Friday, October 18, 2019


While googling around in search of the Nero Wolfe comic strip that ran in newspapers in 1956 and 57 (watch for it soon!), I came across this press release touting "The Stevenson-Kefauver Bandwagon." It appeared in the Oct. 11, 1956 issue of the Arizona Sun

I sent the clipping to Mr. Knows-all Sees-all Art Scott, asking what it was all about, and he responded by sending me the Bandwagon story itself. So here it is.

What does it all mean? Beats me, especially since Stassen was still alive, and kept on trying (and failing magnificently) to snag the Republican nomination until 1992 and beyond.

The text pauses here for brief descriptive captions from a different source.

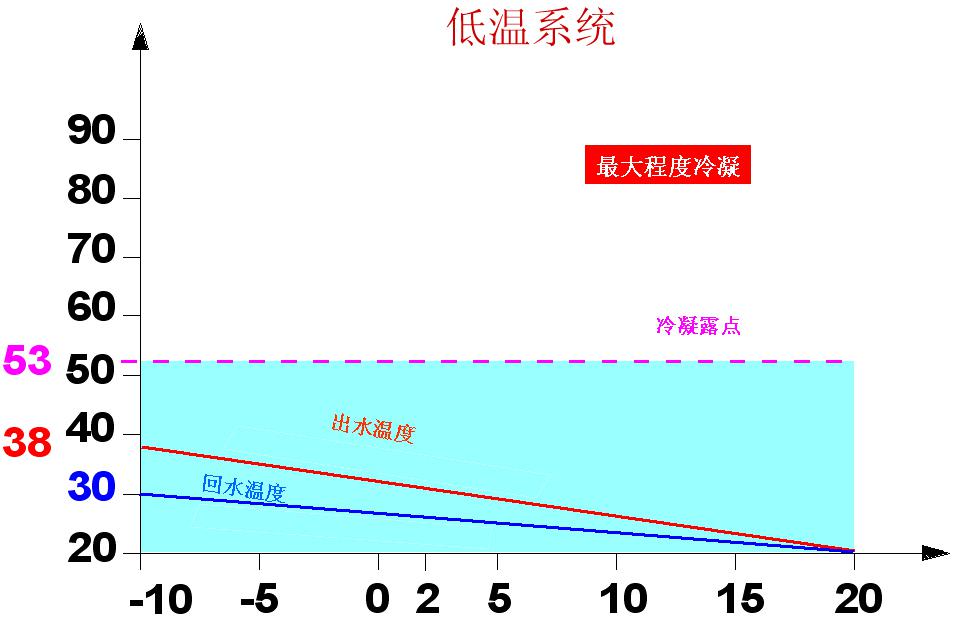 �Ͼ��忨�����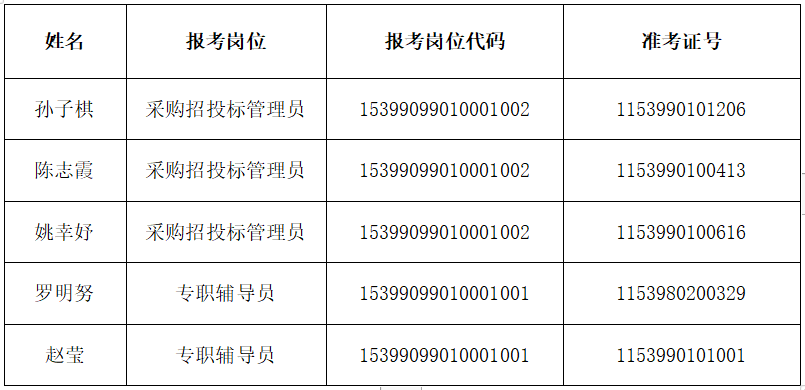 大同区特殊教育事业单位最新招聘信息及解读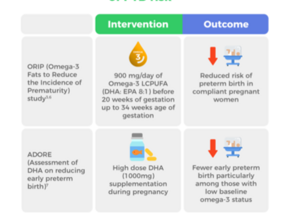 Reducing the Risk of Preterm Birth Through Maternal Nutrition Interventions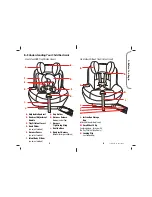 Предварительный просмотр 4 страницы Maxi-Cosi Pria 70 Instructions Manual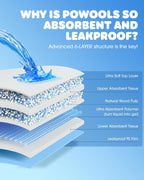 Powools spill proof pet sheets showing moisture locking polymer core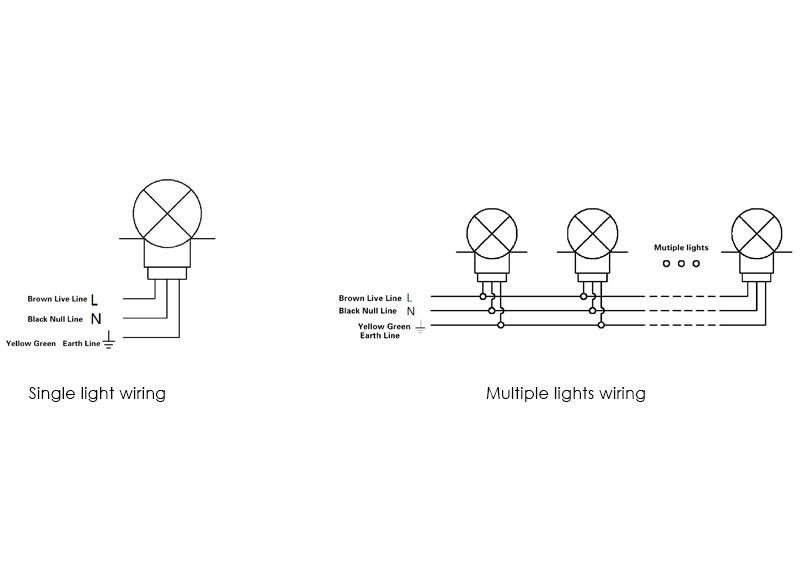 Medium Intensity Aviation Obstruction Light type A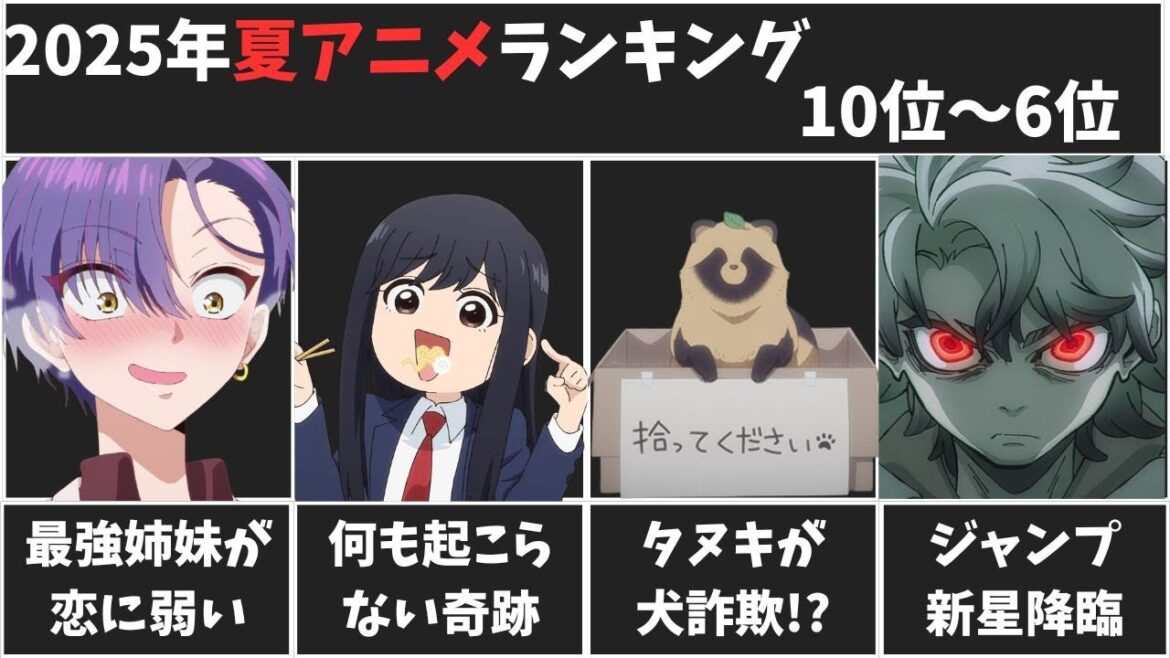 【2025夏アニメランキング】10位〜6位発表!タヌキが犬詐欺⁉最強姉妹が恋に弱すぎる件【ずんだもん・四国めたん】 【2025夏アニメランキング】10位〜6位発表!タヌキが犬詐欺⁉最強姉妹が恋に弱すぎる件【ずんだもん・四国めたん】
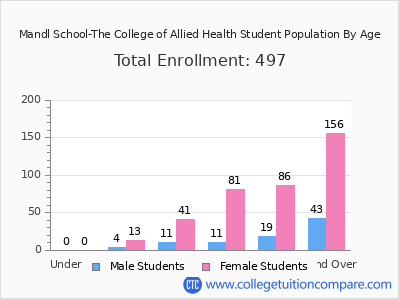 Mandl School-The College of Allied Health 2024 Student Population by Age chart
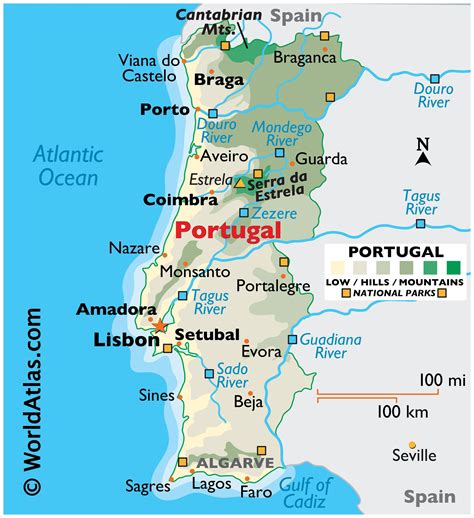 list of city in portugal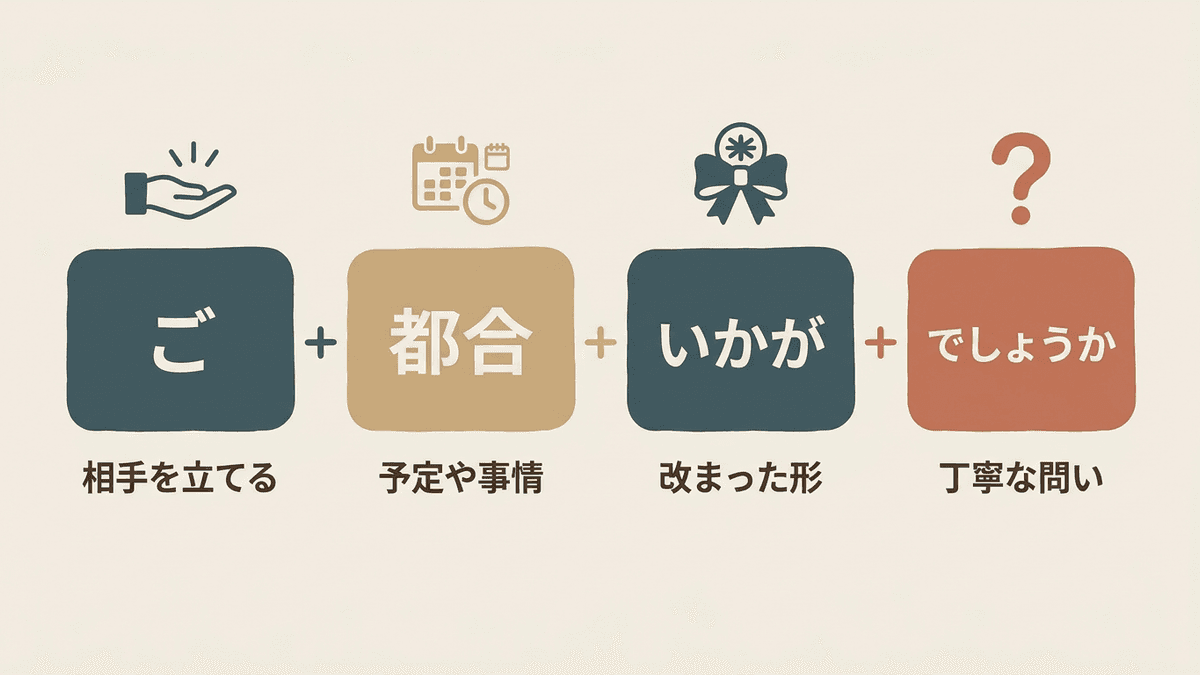 「ご都合いかがでしょうか」を4つの部分に分けた図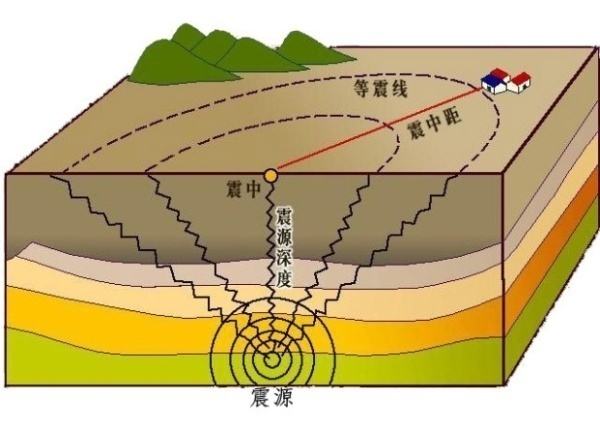 何谓电子天平的防震等级？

He died in 2001.

The tale was obviously intended to amuse Stevenson supporters, and the culprit Wolfe alludes to seems pretty clear, but the motive eludes me. Was Stassen simply a pain the asses of Republicans and Democrats alike?

Maybe Art Scott says it best: "At least we now have a Wolfe story worse than Please Pass the Guilt."


Jerry House said...

I met Stassen briefly in the late Sixties when he was once again tilting at the presidential nomination windmill. He seemed like a decent and sincere guy with nary a ghost-like attribute to him.

Cap'n Bob said...

Give my regards to Broadway, say hello to Harold Stassen.

Todd Mason said...

"This article probably alludes to Harold Edward Stassen's "quixotic effort (perhaps covertly encouraged by Eisenhower, who had reservations about Richard Nixon's maturity for the presidency) to 'dump Nixon' at the 1956 Republican Convention." Following Stassen's actions, Nixon attempted to "kill" his political career. "

TC said...

I remember the jokes about the Stassen campaign headquarters being in a phone booth. That kind of thing.

And the one about the ad in a personal column: Stassen supporter wishes to meet another Stassen supporter. Object: to find out if there is another Stassen supporter.